Testing Query Planners
A thing I did not appreciate for a long time is how different pieces of software merit different testing methodologies. I don't necessarily mean like, a pacemaker should be subject to different standards than an app that makes fart noises, I mean, different kinds of software demand different techniques to effectively test them, in addition to demanding different intensities of testing independent of their importance.
Software A might demand more intensive testing than software B not because it is more important that it works properly," but because structurally, socially, or otherwise, it will be more difficult to verify it is correct without particular tools.
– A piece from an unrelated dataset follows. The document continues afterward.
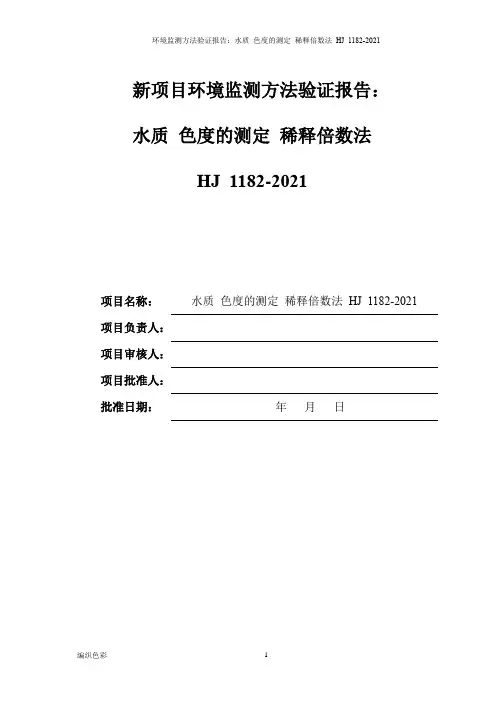 环境监测方法验证报告：水质 色度的测定 稀释倍数法 HJ 1182-2021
Many services, for example, are simple interfaces over some data store. They come up, maybe read some configuration, then serve approximately the same query for their entire lives. The kind of testing this merits is very different from a query planner, which is going to serve a very wide range of different queries and workloads. Two deployments of it might not see any of the same kind of work.
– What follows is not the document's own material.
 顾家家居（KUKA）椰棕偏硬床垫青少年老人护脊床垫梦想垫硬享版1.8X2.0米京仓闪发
For this reason, I think software with a wide surface area, like a query planner, is much better served by a property-based testing approach than a piecemeal, unit test-at-a-time approach. I want to emphasize that I am not a PBT purist, I think it has a very high cost and has questionable benefit for most things. But for anything that resembles a "language" and permits construction of arbitrarily complex inputs, my experiences have sold me on it being an absolute necessity.
Luckily for us, over the past few years, there have been some fantastic techniques developed expressly for the purpose of doing this kind of testing on SQL databases. They're generally some variation of metamorphic testing. I love metamorphic testing for SQL databases because it in large part reduces the problem of testing a database to building a high-quality query generator. I'll just outline my favourite (simplest) technique, Ternary Logic Partitioning, but Manuel Rigger and his collaborators have, at this point, developed a wide variety of these techniques.
Input: A SQL query Q
and a predicate p
.
Output: Three new SQL queries Q_t
, Q_f
, Q_N
, which must satisfy Q_t + Q_f + Q_N = Q
We transform Q
and output:
SELECT * FROM Q WHERE p
SELECT * FROM Q WHERE NOT p
SELECT * FROM Q WHERE p IS NULL
The power of this transformation is that SQL planners love to push predicates like this down, and, ideally, in some of those cases, the predicates making their way down the tree will disturb the structure, triggering possibly buggy optimizations. Then, you'll be able to detect the difference in output with the original query.
I think this is so powerful because SQL is so old and wide, and it's very difficult for any individual programmer to test all O(n^2)
combinations of features. I think it's very cool that we can, via metamorphic testing, go straight from "SQL query" to "test case," with no need for an oracle of what the right answer is in the middle.